The question is, do we decrease the batch_size to 16 or increase the number to 64? If we decrease the number, we have 500 batches vs 125 batches if we increase the number. Large batch size result in faster processing time and vice versa. In regards to epochs, the model improves with more but only to a point. They start to plateau in accuracy as they converge.

Pre-Trained Network

To improve not only the accuracy but also the processing time (so I hoped), I decided to use a pre-trained network. There are a few we can choose from, for example VGG16, VGG19, InceptionV3, and ResNet50 etcetera. I resorted to the VGG model to keep it simple for the time being.

VGG is a convolutional neural network model for image recognition proposed by the Visual Geometry Group in the University of Oxford, where VGG16 refers to a VGG model with 16 weight layers, and VGG19 refers to a VGG model with 19 weight layers.

Because we have an already trained model, all we have to do is add at least two more layers (Flatten and the output Dense layer) to test what the pre-trained network can do with our dataset. In my case I ended up adding six layers in total:

model = Sequential([
    vgg_model,
    Flatten(),
    Dense(32, activation='relu'),
    Dense(64, activation='relu'),
    Dense(128, activation='relu'),
    Dense(64, activation='relu'),
    Dense(5, activation='softmax')
])

Now, the accuracy improved to 96.68%, up >5% from my previous model, but not the processing time.

AWS

In the end, it took several hours to run the model.
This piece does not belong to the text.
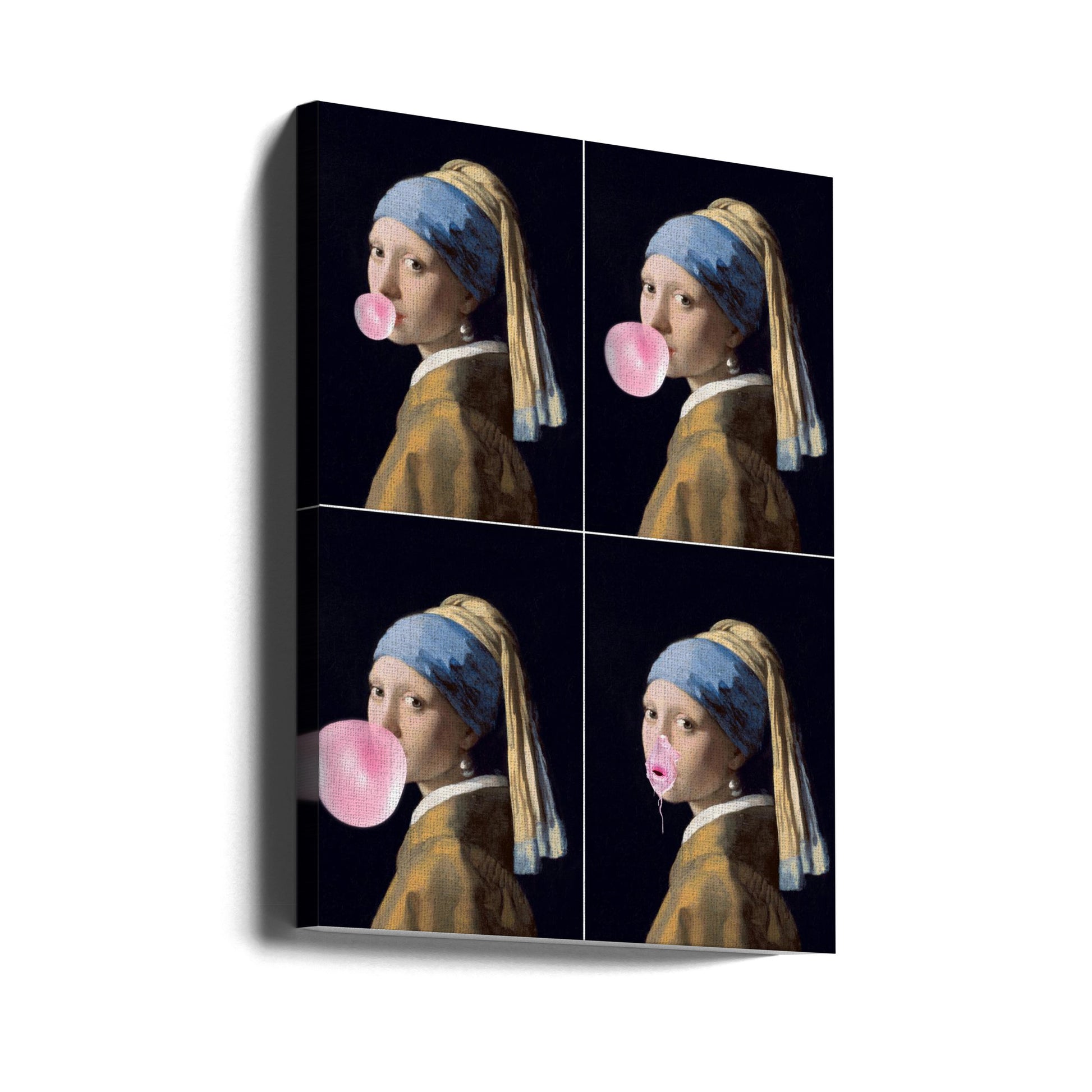 Pearl Gum Explosion by Dikhotomy | Vermeer Pop Art Parody, Large Canvas Wall Art Print | Artsy Earth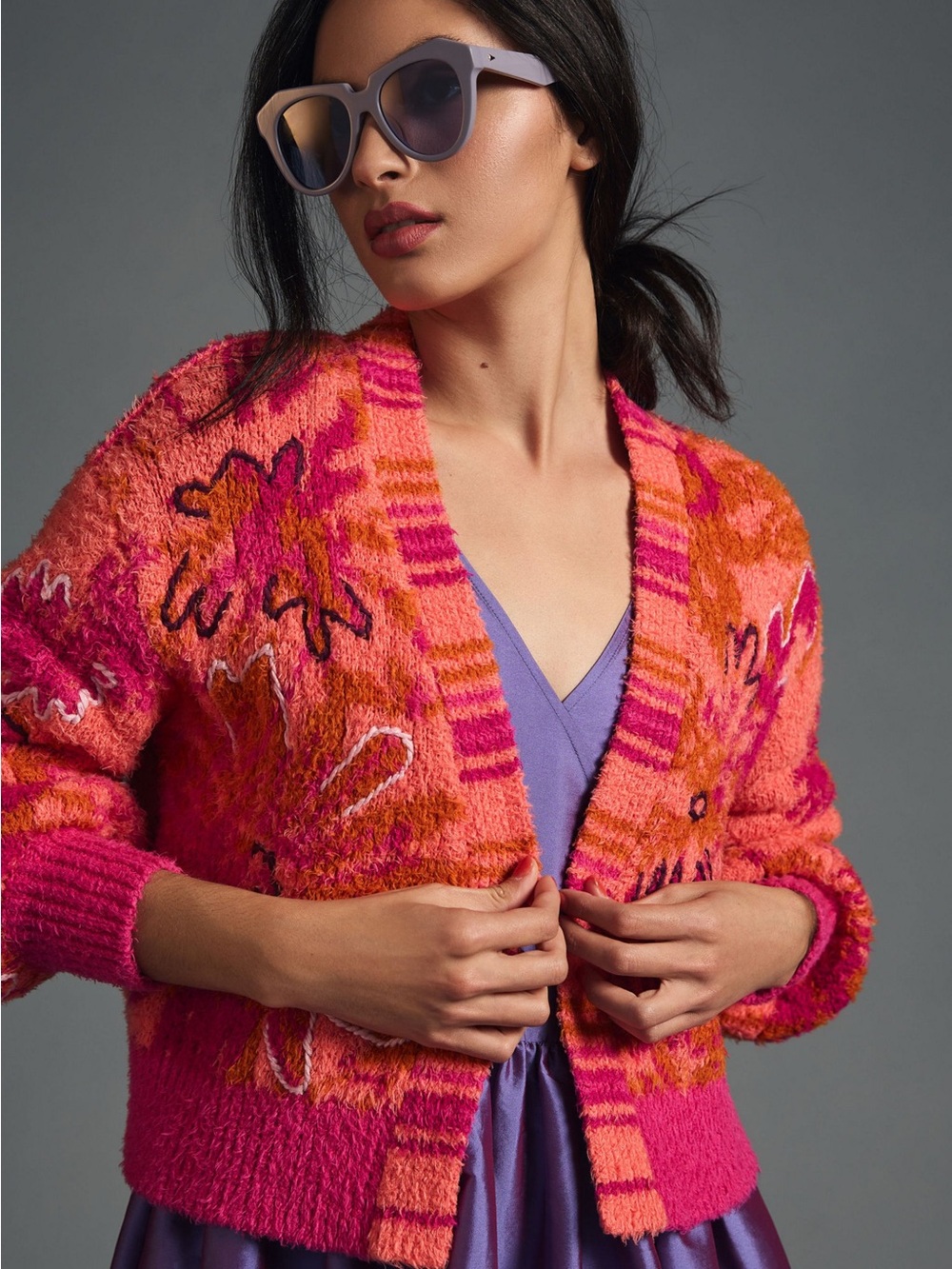 Embroidered Knit Cardigan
Moreover, it makes it even more painful if you forget to change your default setting on your MacBook and the computer goes into sleep mode, and nothing get processed at all.

To free up the computer I resorted to - welcome - paperspace.

Which allows me to prototype locally (prove of concept) and compute in the cloud.

Conclusion

Use where you can pre-trained networks and if you are using large data use cloud services.